» Data records
━━━━━━━━

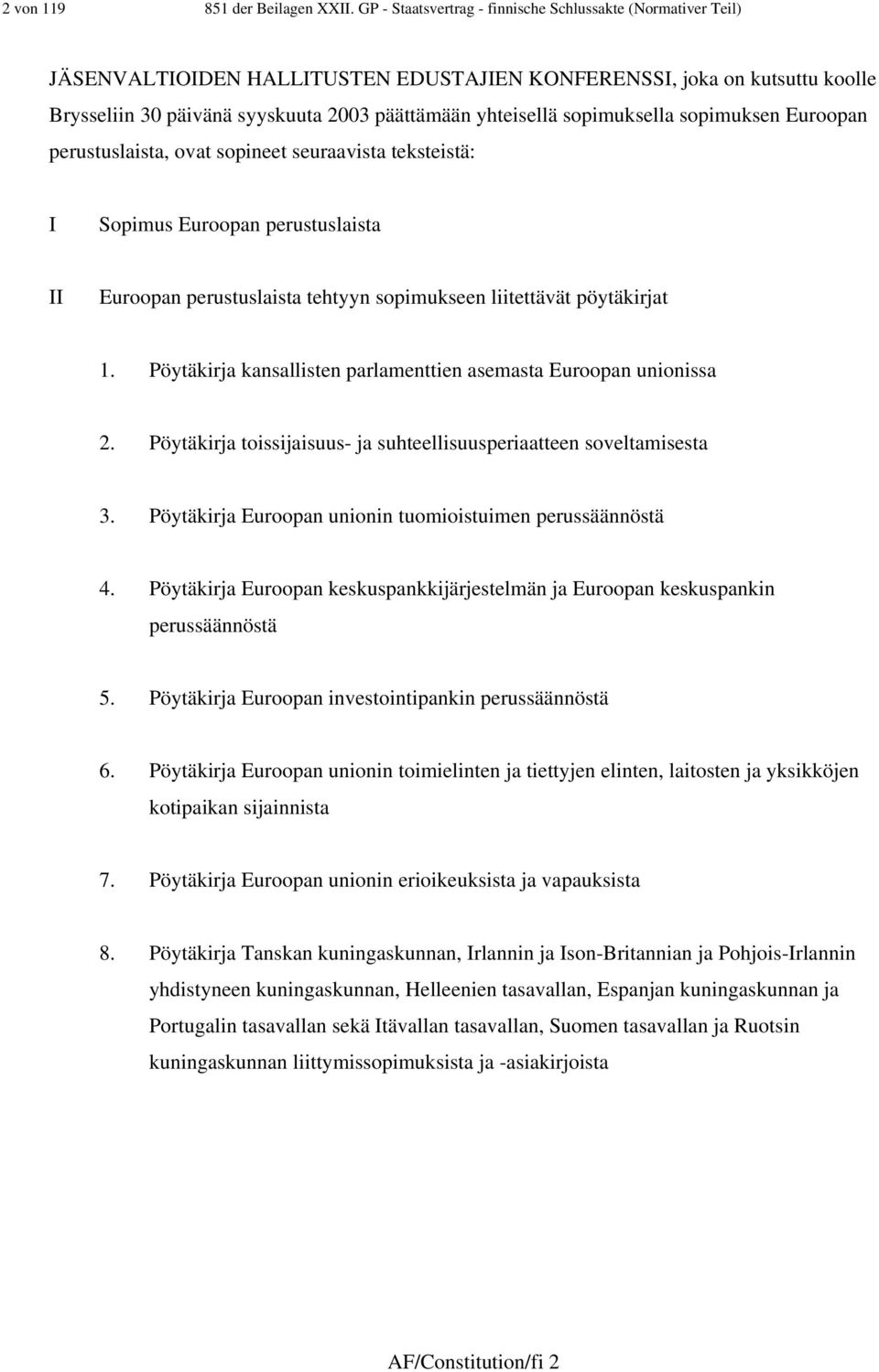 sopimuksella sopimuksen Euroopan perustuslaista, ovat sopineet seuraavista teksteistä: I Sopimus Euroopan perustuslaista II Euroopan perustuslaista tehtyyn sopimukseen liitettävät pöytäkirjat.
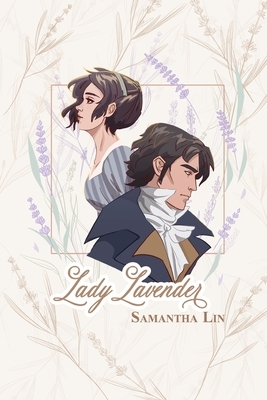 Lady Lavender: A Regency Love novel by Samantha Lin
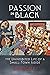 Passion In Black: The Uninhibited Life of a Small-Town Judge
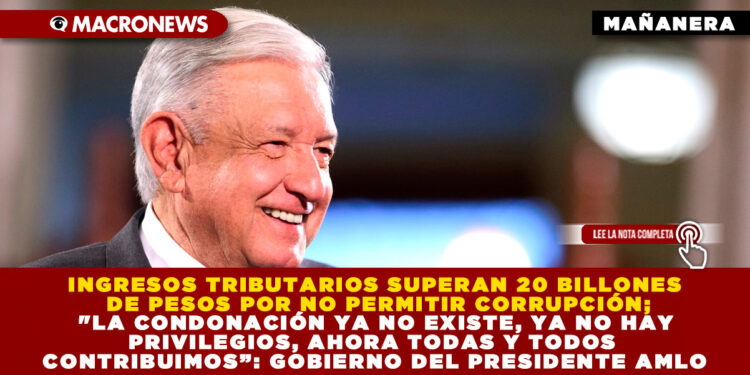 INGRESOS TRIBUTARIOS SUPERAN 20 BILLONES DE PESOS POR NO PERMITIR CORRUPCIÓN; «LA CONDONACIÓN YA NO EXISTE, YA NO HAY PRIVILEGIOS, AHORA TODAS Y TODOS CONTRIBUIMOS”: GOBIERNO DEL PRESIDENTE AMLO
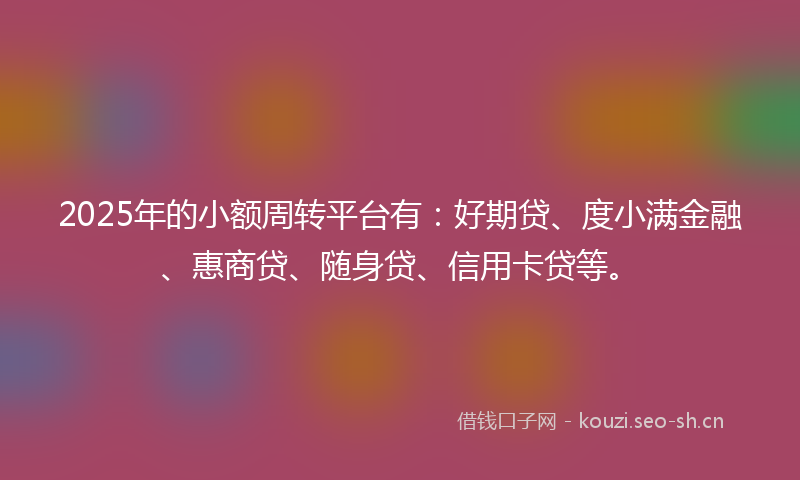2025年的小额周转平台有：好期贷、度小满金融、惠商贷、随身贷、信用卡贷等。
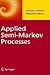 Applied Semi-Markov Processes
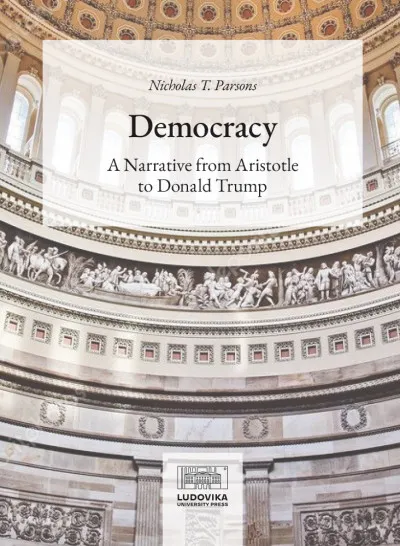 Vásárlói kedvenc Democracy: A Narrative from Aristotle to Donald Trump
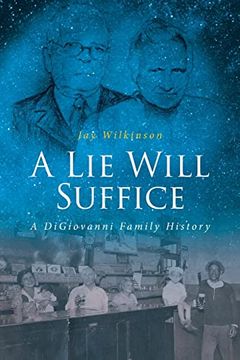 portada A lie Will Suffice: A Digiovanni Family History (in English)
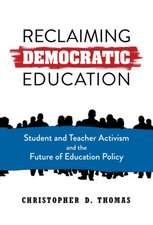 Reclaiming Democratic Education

━━━━━━━━

» Exercise requirements
Reproduce the data above verbatim, minus any images.

» Answer space
 sopimuksella sopimuksen Euroopan perustuslaista, ovat sopineet seuraavista teksteistä: I Sopimus Euroopan perustuslaista II Euroopan perustuslaista tehtyyn sopimukseen liitettävät pöytäkirjat.
 Lady Lavender: A Regency Love novel by Samantha Lin
 Passion In Black: The Uninhibited Life of a Small-Town Judge
 INGRESOS TRIBUTARIOS SUPERAN 20 BILLONES DE PESOS POR NO PERMITIR CORRUPCIÓN; «LA CONDONACIÓN YA NO EXISTE, YA NO HAY PRIVILEGIOS, AHORA TODAS Y TODOS CONTRIBUIMOS”: GOBIERNO DEL PRESIDENTE AMLO
2025年的小额周转平台有：好期贷、度小满金融、惠商贷、随身贷、信用卡贷等。
 Applied Semi-Markov Processes
 Vásárlói kedvenc Democracy: A Narrative from Aristotle to Donald Trump
 portada A lie Will Suffice: A Digiovanni Family History (in English)
 Reclaiming Democratic Education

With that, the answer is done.